31 August 2006

Fire and Ice

Here's something I wrote last summer:

It has been so hot here lately. The other day power went out in suburbs all over the city. The sky was filled with the smoke of bushfires.

The newspaper the next day carried a front page story about how outraged people were that the power went out.

I'm not sure what they expect. Sure, it's a pain in the arse when the power goes out. But the power always goes out in a heatwave, because everyone's using air-conditioning and other electrical things more to keep cool.

Thing is, the houses here are fucked. They're not built to suit the climate. There are McHouses with paper thin walls, houses with no insulation, houses with the sun blaring in huge windows.

No one is equipped to deal with extreme temperature changes. No one demands when they buy a house that it's energy efficiant. We all rely on electricity far more than we need to.

I wish people would quit bitching and try to work on ways to reduce the need for air-conditioners.



I thought I'd left the bushfires behind in Oldtown, exchanged them for cyclones. Not so. The last few days, I've looked outside at a sky grey with smoke drifting off the hills. The bushfires come in winter here, when the hills are brown and dry.

We still see houses that exist only with the help of airconditioners. The older ones are bad, but the new ones - you simply couldn't live in them during summer without air-con. But I've hardly noticed any blackouts - not like the regular ones in Oldtown. The energy use is consistently high here, it doesn't peak and trough so much.

When we came here I was expecting the houses to be all wooden, with verandas around all four sides to keep the sun out. Well, the majority are wooden. But very few seem to know what a veranda is. And this town is growing fast - and all the new houses are McHouses, concrete boxes facing the sun with no eaves, no way of keeping cool.

The weather here at the moment is perfect. But the shops and public buildings keep the air-con blasting like a fridge. I have to remember to take a jumper with me when I go to the supermarket - the only time one would need a jumper up here. Why keep it so cold inside you get goose bumps? It doesn't make sense.

I just don't understand why no one cares. Surely, even if you don't care about the environment, it would make economic sense to be energy efficient.

3 comments:

Stinkypaw said...

I'm always amaze at how we (all over the world) don't give a rat's ass about energy conservation! Yes here we build houses with winter in mind, we don't really have a choice, but still, I find it fascinating to see some new houses with windows all around... talk about a waste of energy, and yet... I'm always cold no matter the season, and I have goosebumps just thinking that we are about to enter our cold season really soon... yuck!

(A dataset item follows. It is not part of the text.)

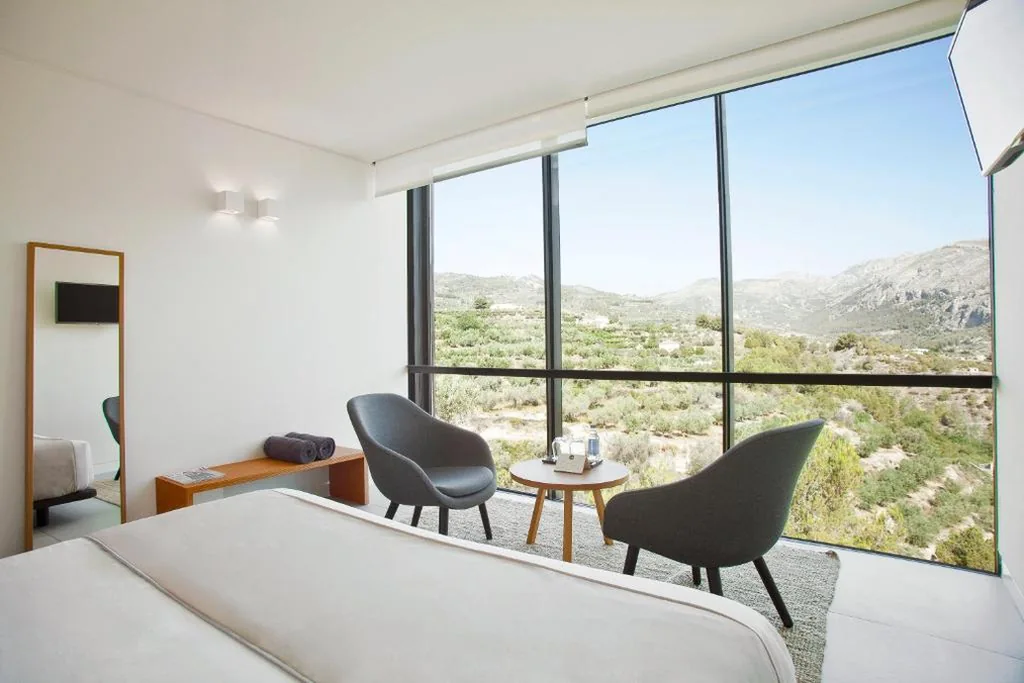 Habitación Doble con vistas a la montaña — VIVOOD Landscape Hotel & Spa - Designed for Adults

I hope the bushfires are not that close to you and I'm not sure I'd exchange them for cyclones? Really? Never experienced neither so...

Maegen said...

While our homes in America aren't so energy efficient, I'm astonished by the houses here. When my mom was here, she couldn't tell the difference btn a house falling apart and a house being built. They do look a lot alike.

Here, homes are thrown together with cinderblock. Some of the nicer places in my region get a very thing layer of insulation on the outside, but mostly they just lather on some concrete and paint! It's actually great for the summer, letting in very little heat. But the winters are awful. All the heat goes right out.

Bulgaria's heating situtation doesn't cause as much of an energy problem as it does environmental. Most homes here are heated with coal furnaces or wood burning stoves. It's awful when you live in a valley!

hasarder said...

I know what you mean about wood fires in a valley, Maegen. It was like that where I grew up. You couldn't tell the smoke from the fog!